--- THE DATA ---
<<<<

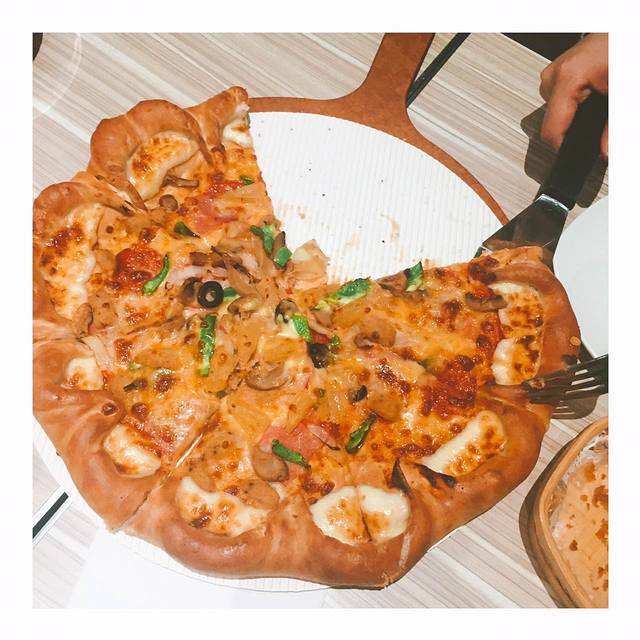 必胜客(苍南银泰店)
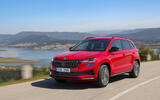 The Skoda Karoq SUV: a family 4x4 that offers more The Skoda Karoq SUV: a family 4x4 that offers more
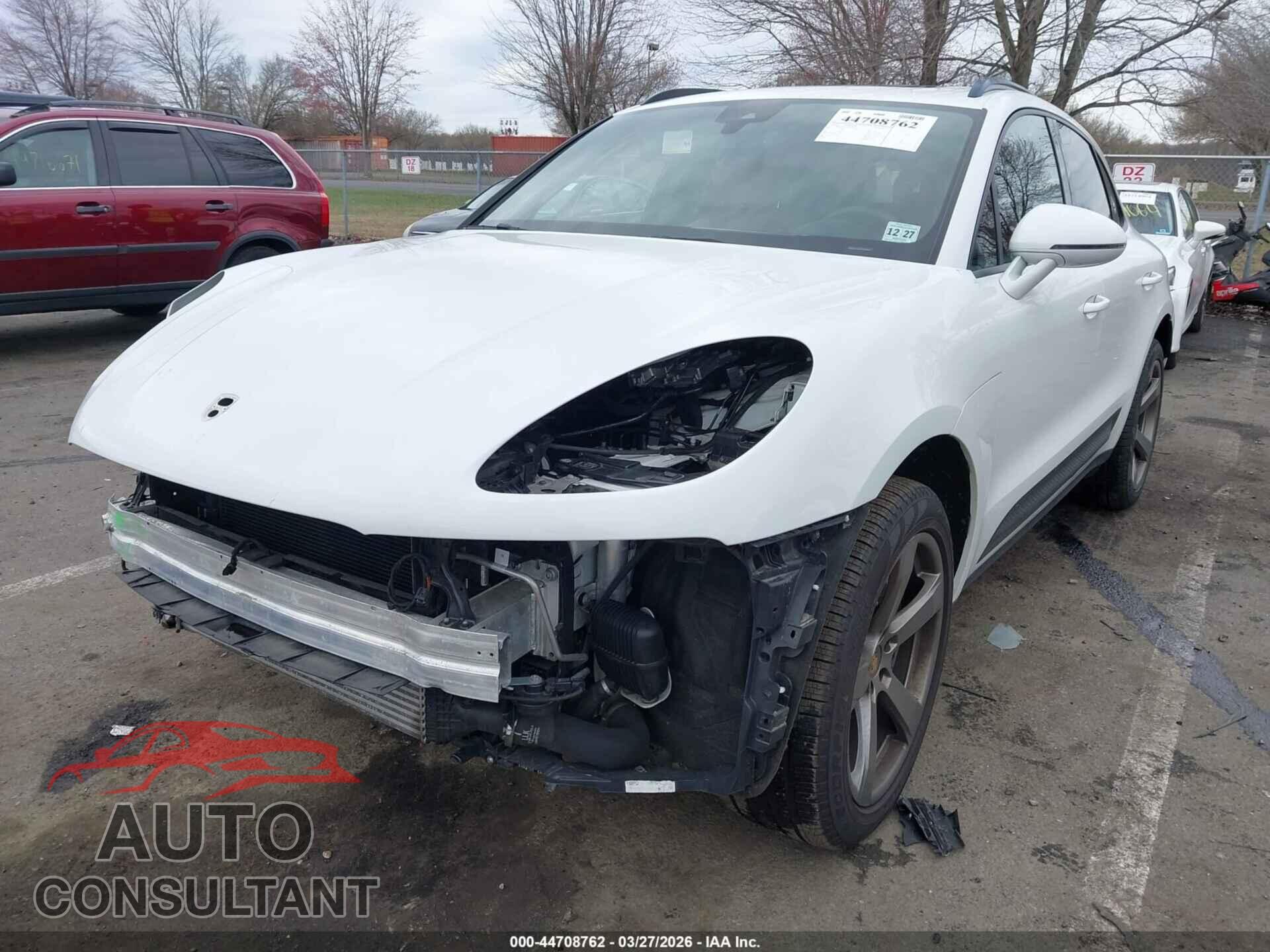 PORSCHE MACAN 2023 - WP1AA2A53PLB05971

>>>>

--- REQUIRED ACTION ---
Write out the material above once more, exactly as it reads, with no pictures.

--- OUTPUT FOR THIS EXERCISE ---
 必胜客(苍南银泰店)
 The Skoda Karoq SUV: a family 4x4 that offers more The Skoda Karoq SUV: a family 4x4 that offers more
 PORSCHE MACAN 2023 - WP1AA2A53PLB05971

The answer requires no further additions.